Problem to solve:
Repeat all the lines below exactly, but omit the pictures.

Source material:
====

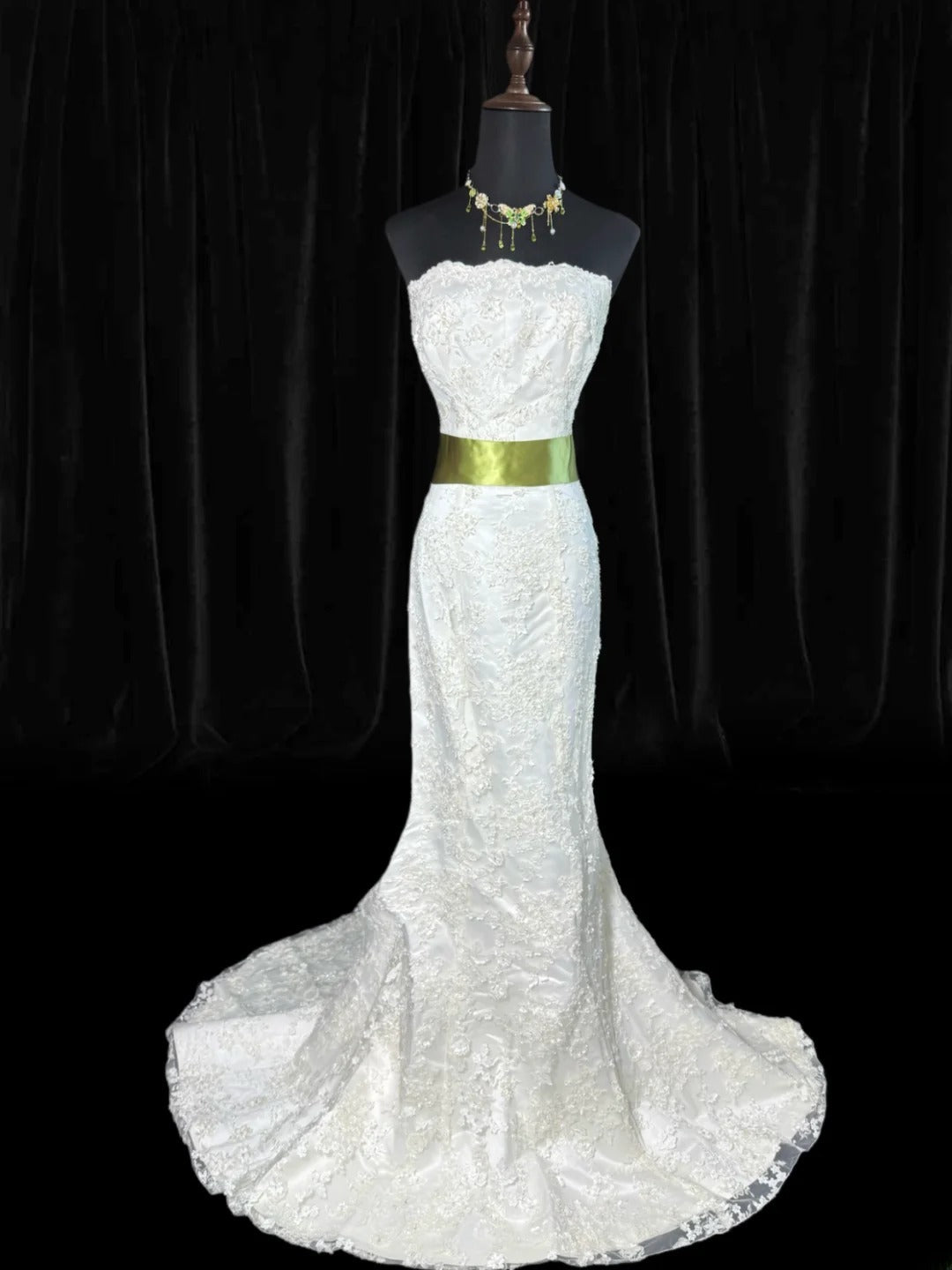Zeitloses, ärmelloses, trägerloses Meerjungfrauen-Brautkleid aus weißer Spitze im Vintage-Stil der 1920er Jahre mit taillierter Passform AS027
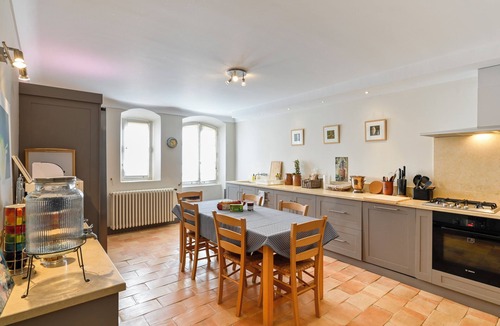 Pertuis Apartment | Your own corner of Provence in a 18th century typical bastide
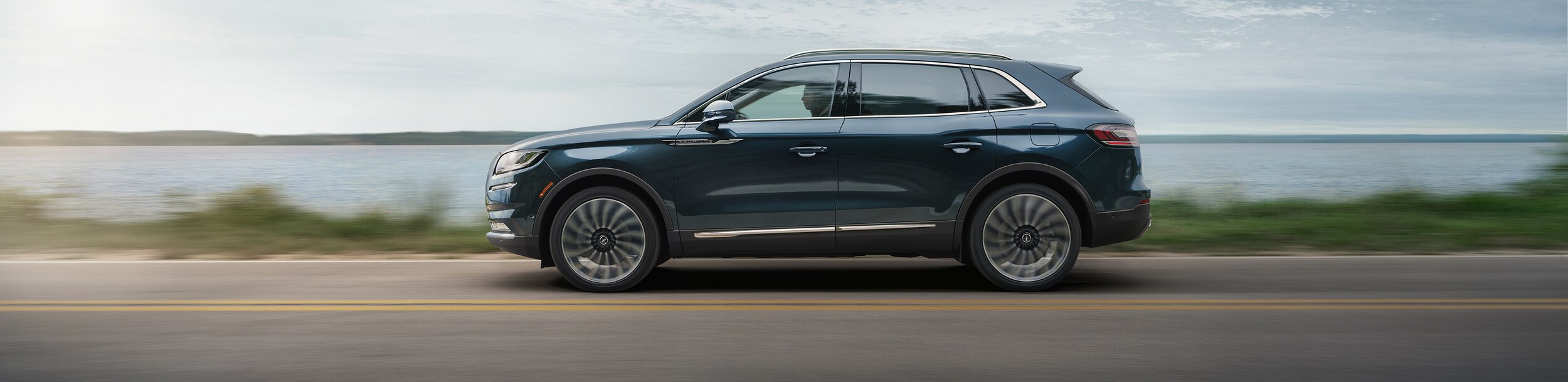 2021-Lincoln-Nautilus-BlackLabel-SUV-L01.png
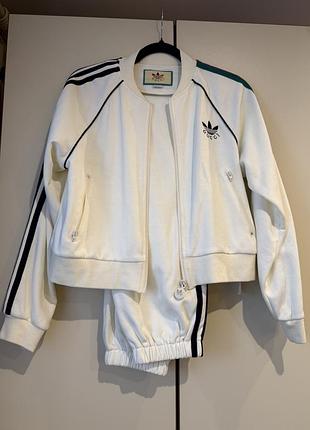 Костюм молочний фірмовий колаборація adidas i gucci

====

Response area:
Zeitloses, ärmelloses, trägerloses Meerjungfrauen-Brautkleid aus weißer Spitze im Vintage-Stil der 1920er Jahre mit taillierter Passform AS027
 Pertuis Apartment | Your own corner of Provence in a 18th century typical bastide
 2021-Lincoln-Nautilus-BlackLabel-SUV-L01.png
 Костюм молочний фірмовий колаборація adidas i gucci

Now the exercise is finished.